New Delhi: Ocean viruses are not passive participants in global nutrient cycles; instead, they are gene thieves that plague marine microbes, according to research conducted by Ohio State University. These viruses that target microbes involved in the recycling of nutrients contain genes that affect about a third of ocean metabolism. These microbes and their viruses play a crucial role in the functioning of the ocean, particularly in the processes of carbon absorption and oxygen production that are vital to regulating the climate and composition of the planet.
The work is based on a finding made two decades ago that viruses can transfer genes with photosynthetic cells. This new research, published in Microbiome, compiles data from more than 100 studies, which has generated a repository of approximately 23,000 genes, of which more than 7,000 are newly found auxiliary metabolic genes (AMGs). These AMGs are segments that viruses steal from host microbes to instruct the host metabolism for the advantage of the virus. According to the studies, 20% of ocean viruses contain at least one AMG; which in turn impacts microbial nutrient processes.

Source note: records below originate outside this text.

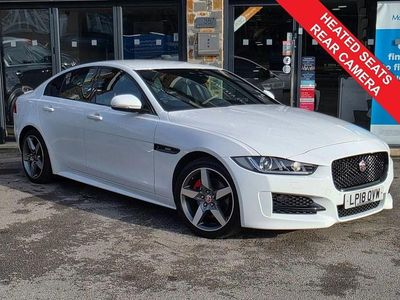 Used Jaguar XE R-Sport 180 HP (132 kW) 2018 White Sedan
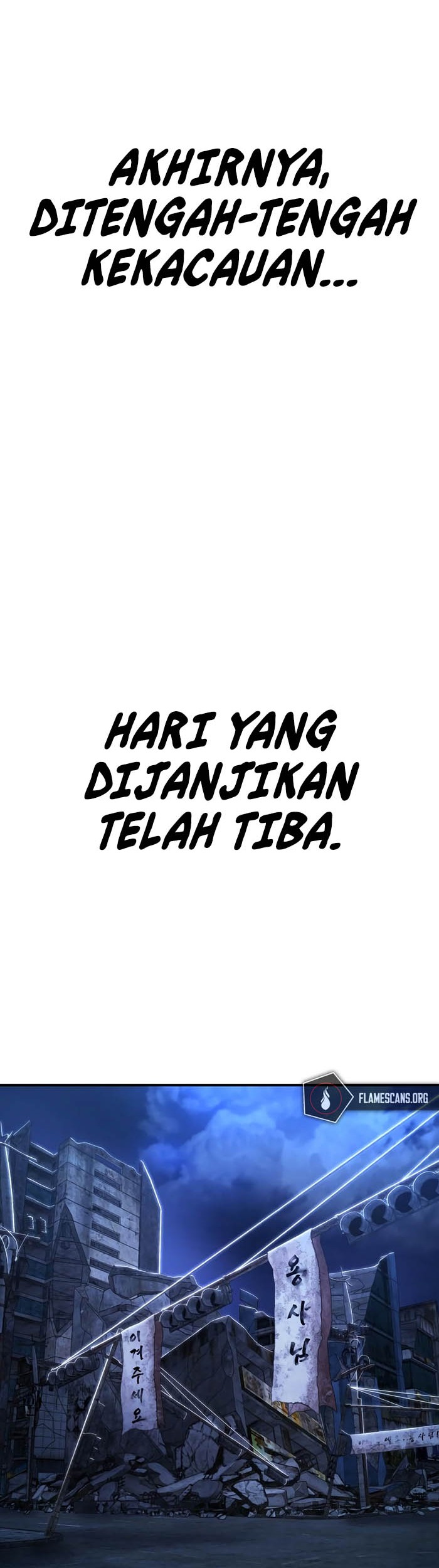 Hero Has Returned Bab 88 halaman 60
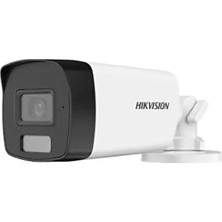 Hikvision Hıkvısıon DS-2CE17D0T-EXLF Tvı 1080P 3.6 mm Sabit Lensli Dual Light Bullet Kamera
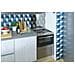 Cucina Elettrica Gas TRIO4GXNT / 1 4 Fuochi a Gas Forno Elettrico Grill Classe A Dimensioni 60 x 60 x87.5 cm Colore Argento - Foto miniatura 4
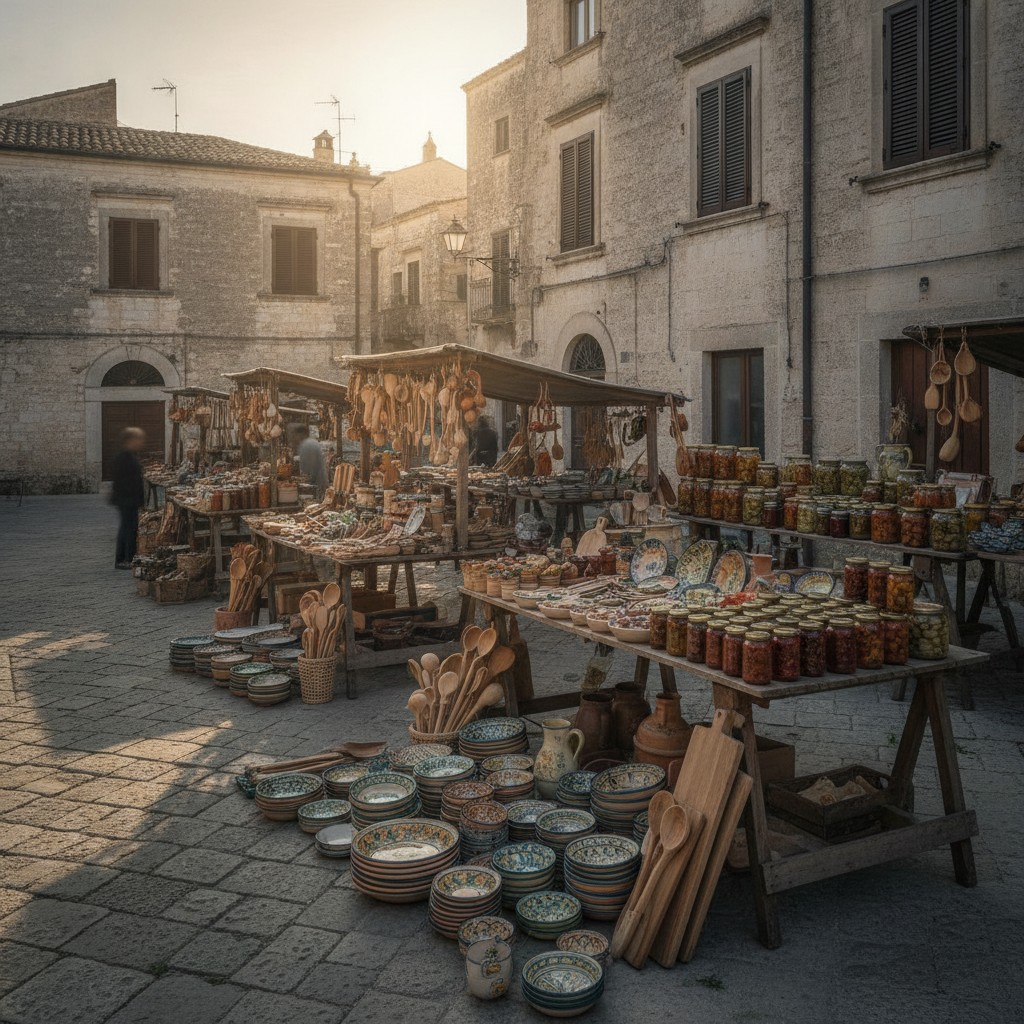 Risparmiare in viaggio in Italia: mercatini e trattorie vere
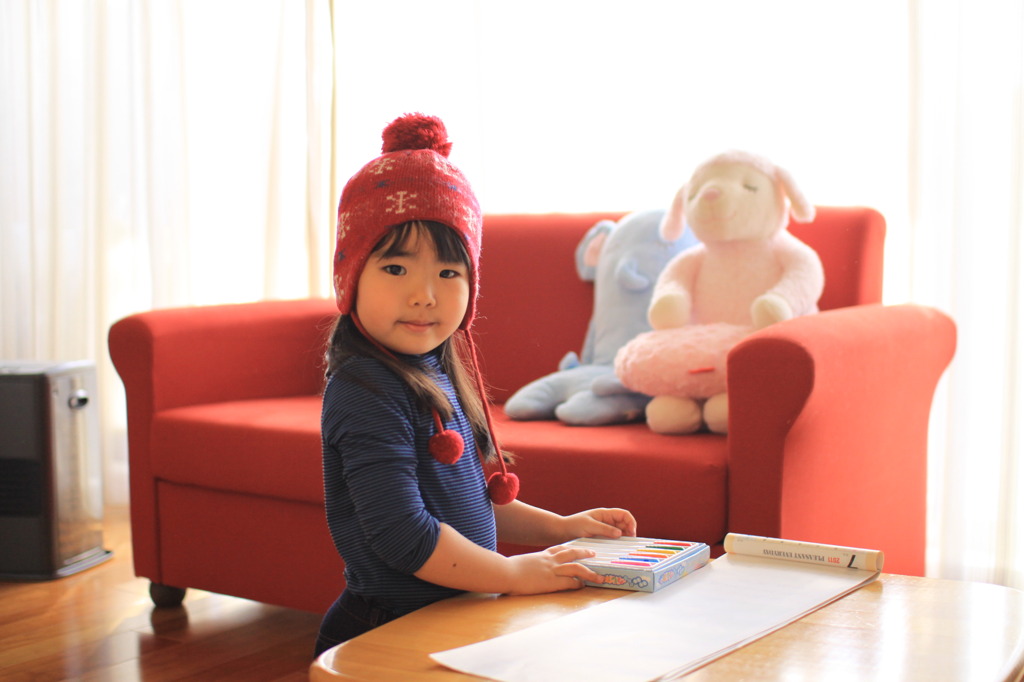 なに描いてほしい？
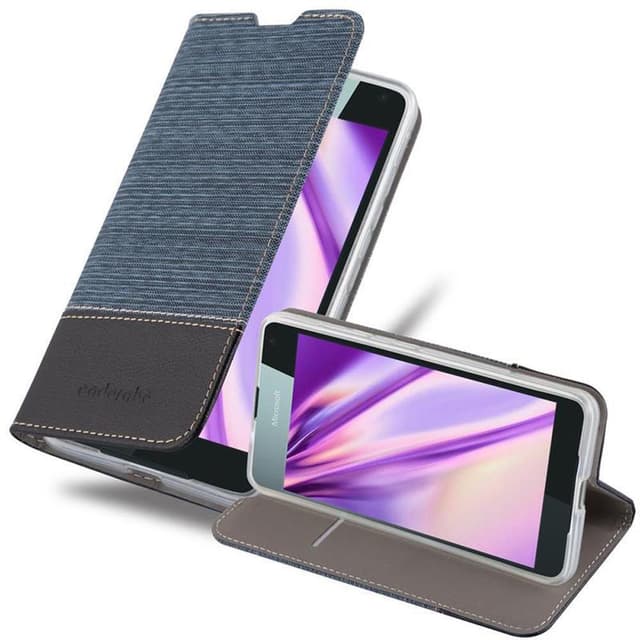 Nokia Lumia 650 Pungetui Cover Case (Blå)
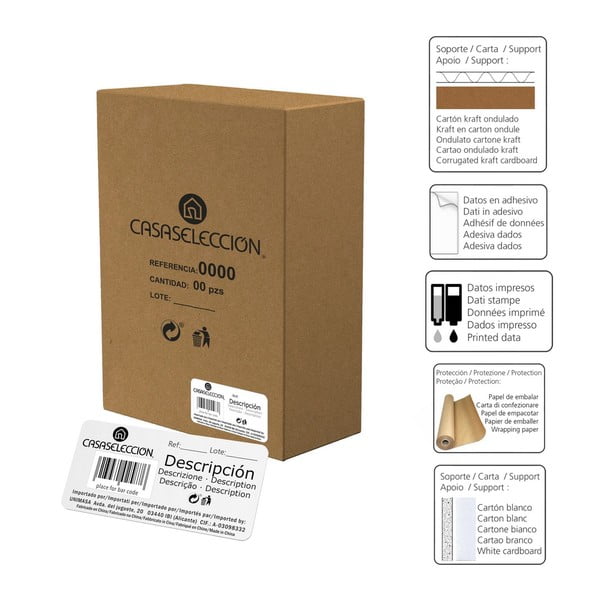 Dabīga toņa eksotiskās koksnes masīvkoka naktsskapītis Natural Way – Casa Selección-image-4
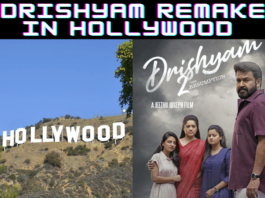 Drishyam Remake in Hollywood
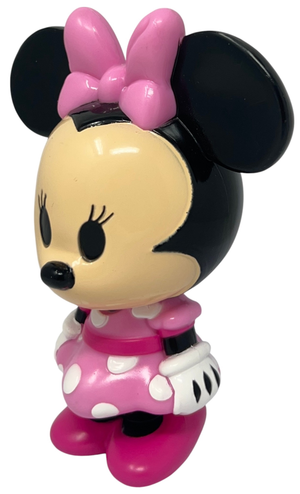 Borraccia Minnie Mouse DISNEY Personaggio 3d Bottiglia 260 Ml in Plastica Riutilizzabile Beccuccio Ripiegabile -83204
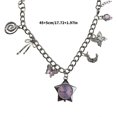 thumbnail image 3 of Celestials Timepiece Pendant Necklace Versatile Jewelry Adjustable Chain for Daily Wear Special Occasions, 3 of 5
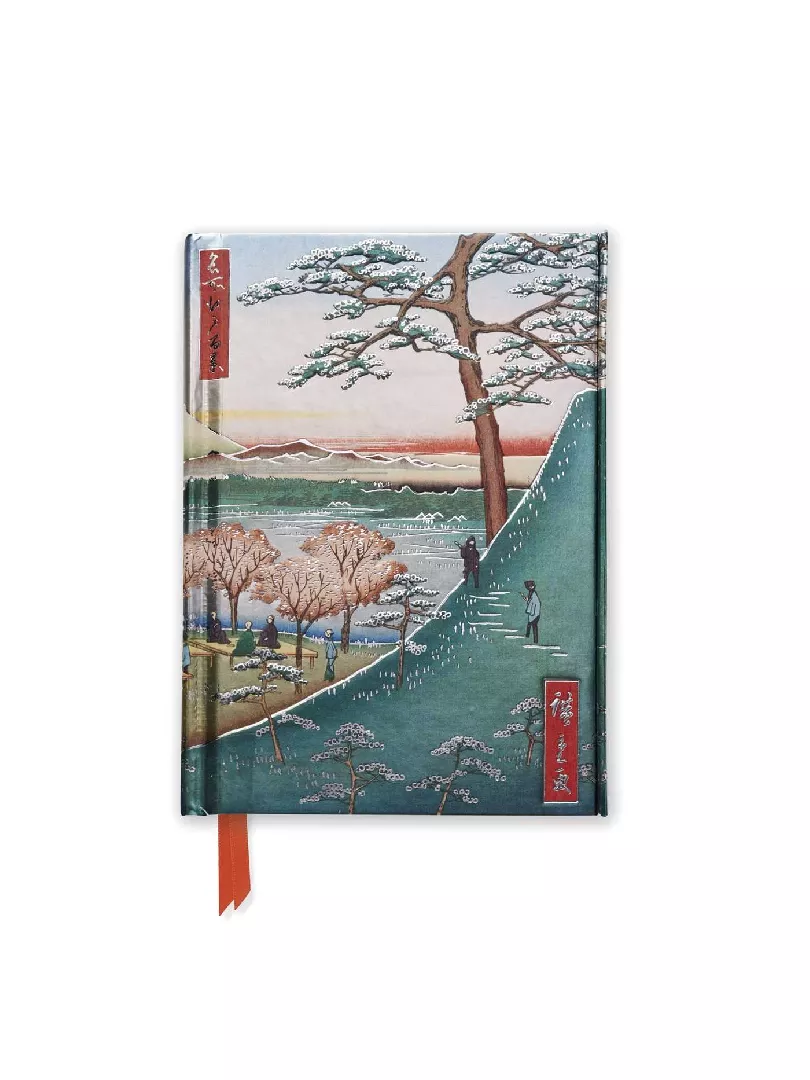 ISBN Hiroshige: Meguro (Foiled Pocket Journal)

Viral Impact on Ocean Metabolism
A group headed by microbiologist Funing Tian and her co-author James Wainaina first identified 340 metabolic pathways used by ocean microbes to process nutrients. Surprisingly, 128 of such pathways 37% are interfered by viral AMGs, suggesting that viruses significantly contribute to re-shaping these microbes to modify the nutrient dynamics in the ocean. The research applied computational methods and involved 7.6 terabytes of data from the Tara Oceans metagenomic project to find viral AMGs and their specific host activities.
Paving the Way for Climate Modeling and the Next Steps
These findings can provide a starting point for how to work viruses into the current ocean models for prediction, said the study’s senior author Matthew Sullivan, a professor of microbiology at Ohio State University and director of the Center for Microbiome Science. Until now, many models did not include viruses at all, and many did not involve microbes in any way. Sullivan explained that with these discoveries, scientists can model how viral processes impact nutrient cycling and be able to make more reliable predictions of the ocean’s reaction to climate change.
This research is carried out under the support of various scientific foundations and the Ohio Supercomputer Center; the study is worldwide. After joining the University of Chicago, Tian and Wainaina of Woods Hole Oceanographic Institution along with the international team broadened the understanding of how viruses form the nutrient cycling and created the basis for further microbiome engineering and climate research.